Pembongkaran dilakukan untuk menyelidiki penyebab kematian korban pembakaran massa itu.

“Iya tadi penyidiknya menelepon langsung, besok pagi akan dilakukan autopsi,” kata Pandi (41), mertua Zoya, Bekasi, Selasa 8 Agustus 2017.

jelang dilakukannya otopsi terhadap jasad Zoya, sejumlah keluarga menggelar doa bersama di taman pemakaman umum Desa Cikarang Kotai, Kecamatan Cikarang Utara, Kabupaten Bekasi.

Ia menambahkan, bahwa istri korban, Siti Jubaida (25), sebelumnya sempat menolak jasad suaminya divisum. Sebab, keluarga khawatir nantinya dimintai biaya tambahan oleh pihak rumah sakit.

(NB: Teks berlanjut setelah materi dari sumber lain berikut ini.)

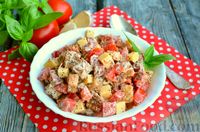 Фото приготовления рецепта: Салат с колбасой, помидорами, сыром, сухариками и маком - шаг №10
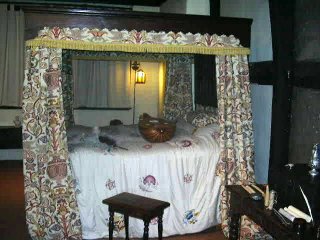 A four poster bed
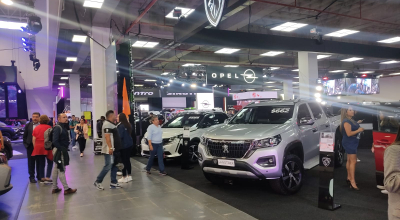 Exhibición de carros en la feria Automundo, en Quito, el 29 de agosto de 2024.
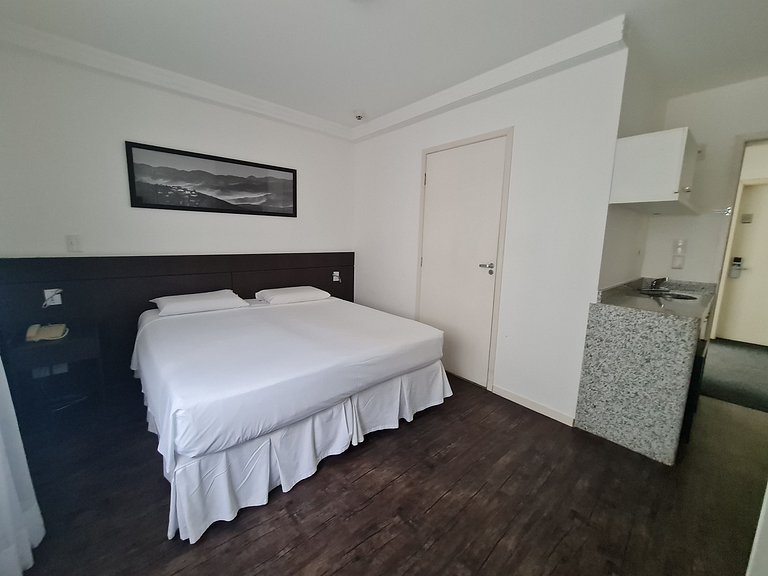 Flat na orla da Lagoa da Pampulha • Piscina na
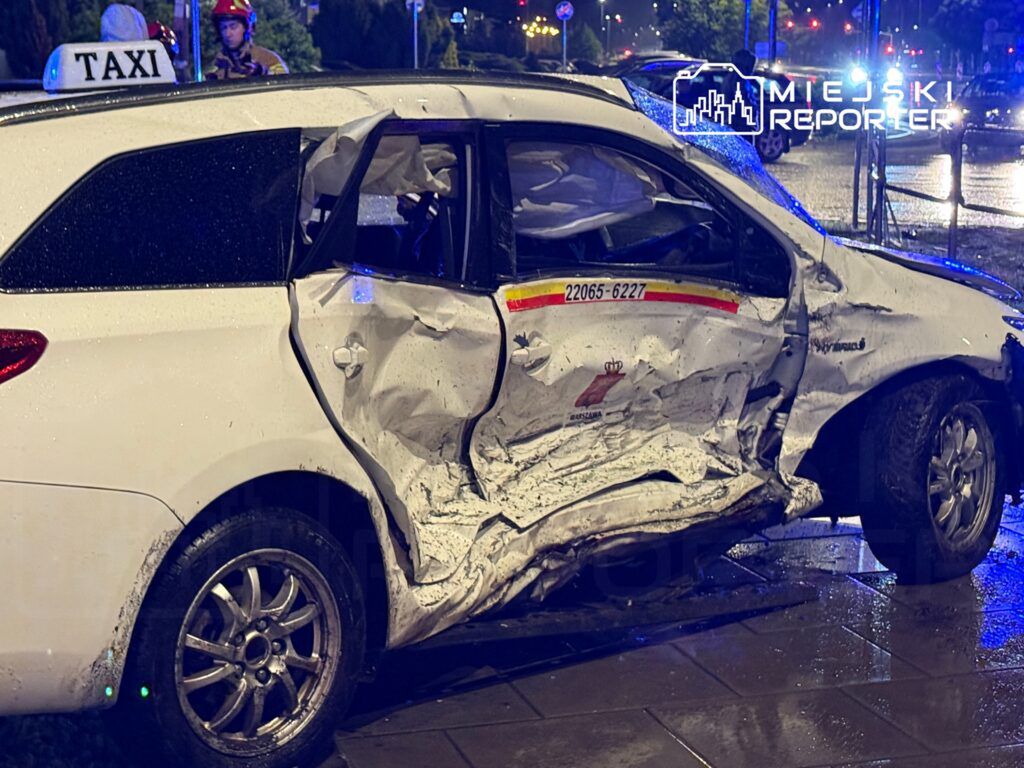 Warszawa: Poważne zderzenie dwóch aut na Pradze-Północ. Cudem nikt nie zginął. Trzy pasy zablokowane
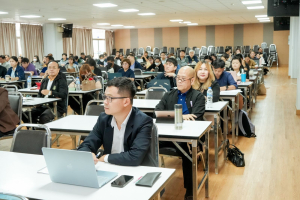 คณะครุศาสตร์ มรภ.เทพสตรี จัดอบรมพัฒนาอาจารย์คณะครุศาสตร์และคณะร่วมผลิตในหลักสูตรครุศาสตรบัณฑิต มุ่งยกระดับตามเกณฑ์คุรุสภา และ PTRU-PSF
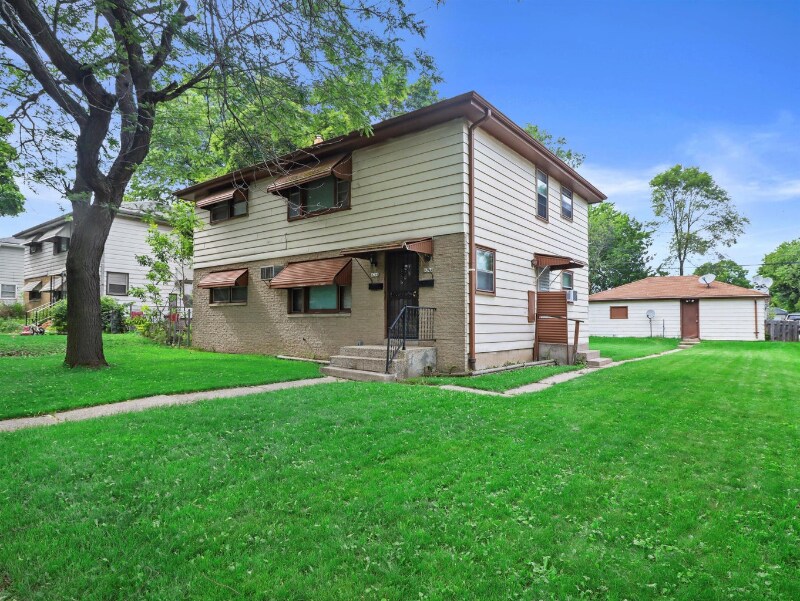 8244 W Grantosa Dr in Milwaukee, WI - Building Photo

Selain itu, keluarga juga mengaku awam berurusan dengan pihak kepolisian.

“Autopsi ini setelah adanya masukan dari kuasa hukum yang meminta dilakukan autopsi,” jelas dia.

Kuasa hukum keluarga Zoya, Abdul Chalim Sobri mengatakan, pembongkaran dilakukan untuk mencari bukti tambahan. Yakni untuk menyelidiki peyebab kematian Zoya, sepekan korban dimakamkan pada Rabu 2 Agustus pagi.

“Ini demi kepentingan hukum, maka kita memberikan pemahaman. Bukan pemaksaan. Apakah korban dipukul meninggalnya, apakah karena dibakar baru meninggal. Atau apakah sudah meninggal, setelah itu dibakar,” jelas dia.

Kasat Reskrim Polres Metro Bekasi AKBP Rizal Marito membenarkan jika pihaknya berencana membongkar makam Zoya. Keputusan autopsi tersebut sesuai dengan permintaan keluarga.

“Iya berubah lagi surat pernyataannya,” ucap Rizal dalam keterangannya.

Namun, Rizal belum dapat memastikan kapan pembongkaran makam Zoya dalam rangka atopsi tersebut dilakukan.

“Kita masih menunggu info dari RS Keramat Jati,” pungkasnya.

Sementara itu, sebuah tenda berukuran 3×3 telah dipasang sejumlah warga tepat di atas makam Zoya pada Selasa 8 Agustus sore.

Zoya tewas secara tragis dengan cara diamuk dan dibakar massa, setelah dituduh mencuri amplifier di Musala Al-Hidayah Kampung Cabang Empat, RT 02/01, Desa Hurip Jaya, Kecamatan Babelan, Senin 1 Agustus lalu.